Gabriel Fauré (May 12, 1845 - November 4, 1924) stands as one of the great French composers of the nineteenth and early twentieth centuries. He single-handedly brought French chamber music to a level where one could reasonably consider it alongside the German tradition. In addition, he is the locus classicus of the French art song, as central to that tradition as Franz Schubert is to German Lieder.
Fauré studied, not at the Paris Conservatoire, but at the Ecole Niedermeyer from 1854 to 1865, where he intended to become an organist and choirmaster. The school, specializing in religious music, set out a curriculum of plainchant, Renaissance polyphony, and organ studies. In addition, the school instruction included a strong literary component. Fauré studied with Niedermeyer himself until the latter's death. He then encountered Camille Saint-Saëns, who had taken the piano class, and who introduced Fauré to contemporary music. Fauré composed his first masterpiece, the Cantique de Jean Racine (1865), while still a student. The piece is remarkable in that it instantly proclaims the composer. Unlike his contemporaries, Fauré avoids standard harmonies, employing instead a modal style, with a leaning toward enharmonic, rather than functional modulations. It's been called a "side-slipping" style and allows Fauré to quickly get to remote keys and back again. Standard modulations tended to lead the listener through a series of logically-linked aural "doors": you can hear where you've come from and where you're going. With Fauré, the effect is more like a Star-Trek teleporter. Suddenly, you find yourself in a new place, far from your point of departure.

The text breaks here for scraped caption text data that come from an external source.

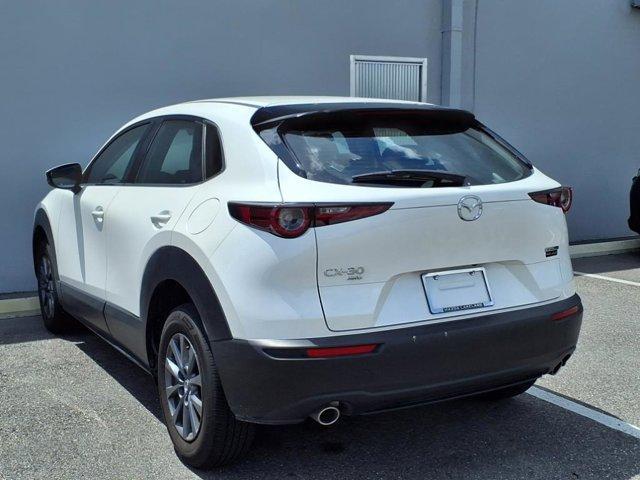 used 2024 Mazda CX-30 car, priced at $22,595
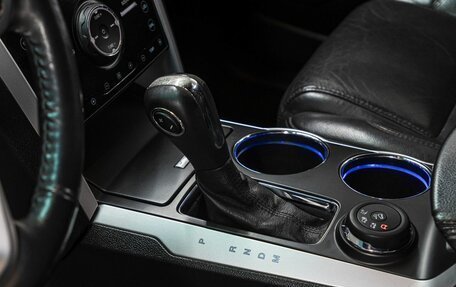 Ford Explorer VI, 2013 год, 1 899 000 рублей, 30 фотография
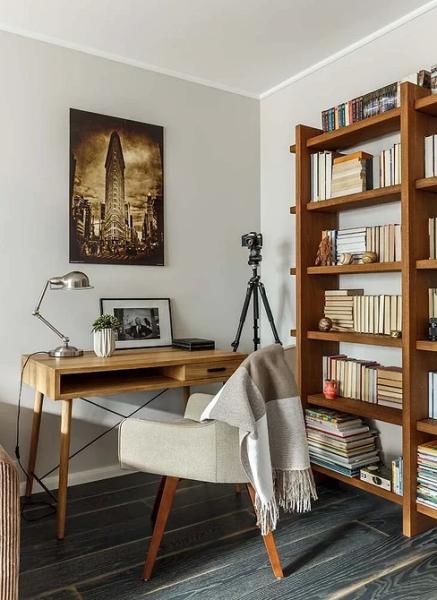 Вдохновляемся: 5 удобных маленьких квартир для семьи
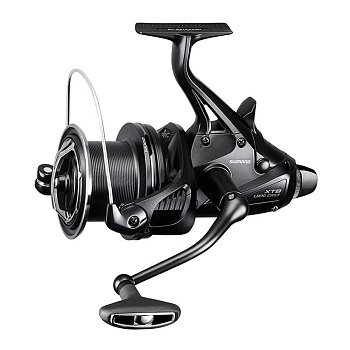 Катушка SHIMANO BAITRUNNER XT-B LONGCAST — катушка с задним фрикционом для рыбалки | Алматы, Казахстан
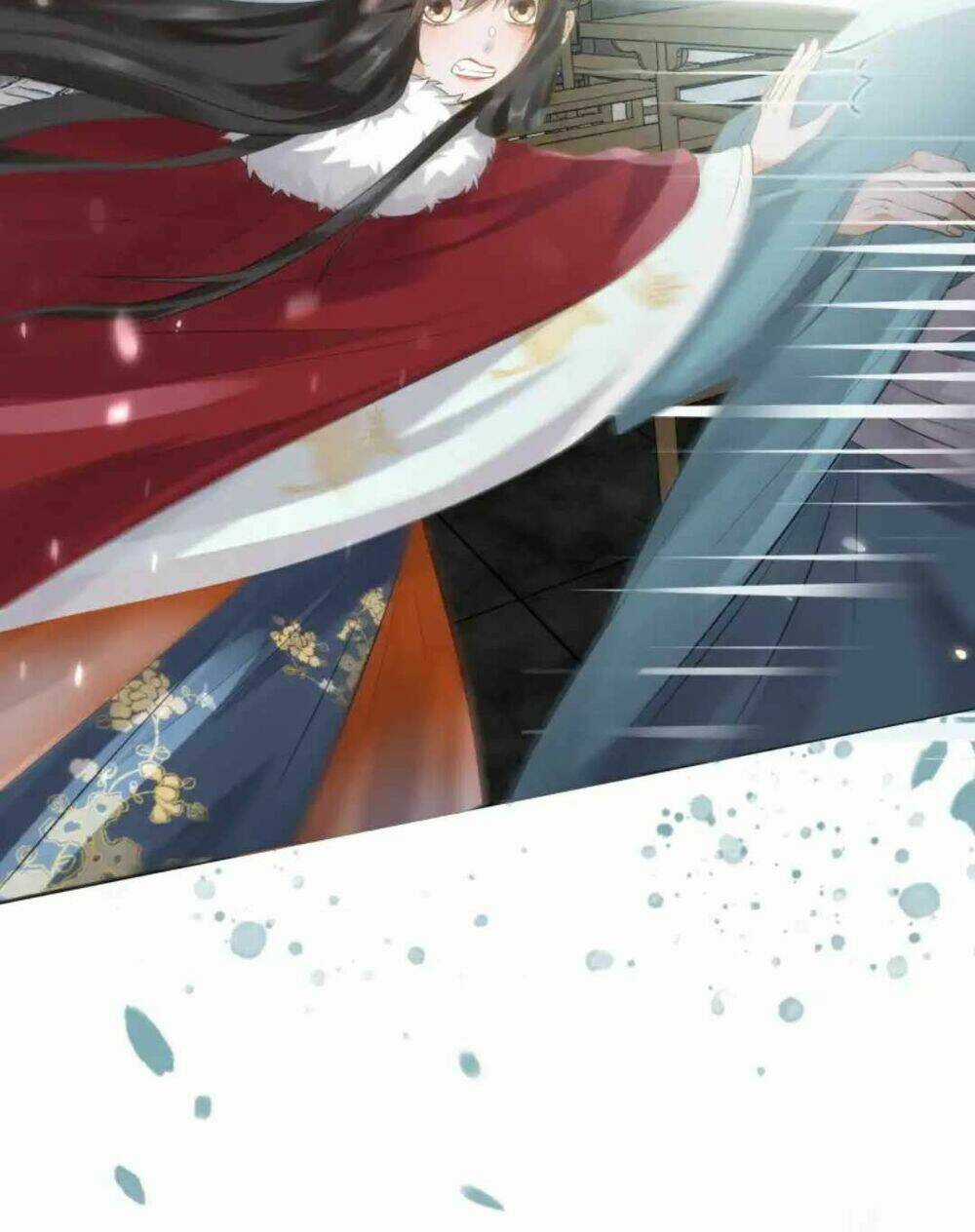 Thái Tử Xin Đừng Gieo Cho Ta Hy Vọng Chapter 7 trang 36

On graduation, Fauré held a number of successive church-organist posts. His music at this time is mainly choral church music. During the Franco-Prussian War, he served in an infantry regiment and saw serious action. Upon discharge, he held more church jobs and became involved with Saint-Saëns's circle, including the great opera singer and close friend of Frédéric Chopin, Pauline Viardot (Hector Berlioz and Robert Schumann were fans) and the composers Vincent d'Indy, Eduard Lalo, Henri Duparc, and Emmanuel Chabrier. With them he helped form the Société Nationale de Musique, which was to present many of his premieres.
In 1877, Fauré became engaged to Viardot's daughter Marianne, but she broke it off. He started to suffer from bouts of depression, which lasted most of his life. Around this time, he wrote some of his finest chamber music, including the first piano quartet and the first violin sonata. He began to travel, met Franz Liszt, and mainly saw and heard a lot of Richard Wagner – the Ring, Tannhäuser, Meistersinger, Lohengrin, and Tristan – but without turning into the Perfect Wagnerite. His music remains, unlike that of so many of his contemporaries and even his teacher Saint-Saëns, resolutely French. He also began composition on his most famous work, the Requiem, and tinkered with it for the next twenty-plus years. It appeared in three main versions: the original of 1877 for choir and organ; for choir and small orchestra, completed in 1893; for choir and full orchestra in 1900. The Seventies and the Eighties saw the appearance of songs and pieces for solo piano. Fauré also attempted large-scale orchestral works – notably a symphony and a violin concerto – but either withdrew them or left them incomplete. Although he did write for orchestra, mainly incidental music and suites, his true interests lay elsewhere.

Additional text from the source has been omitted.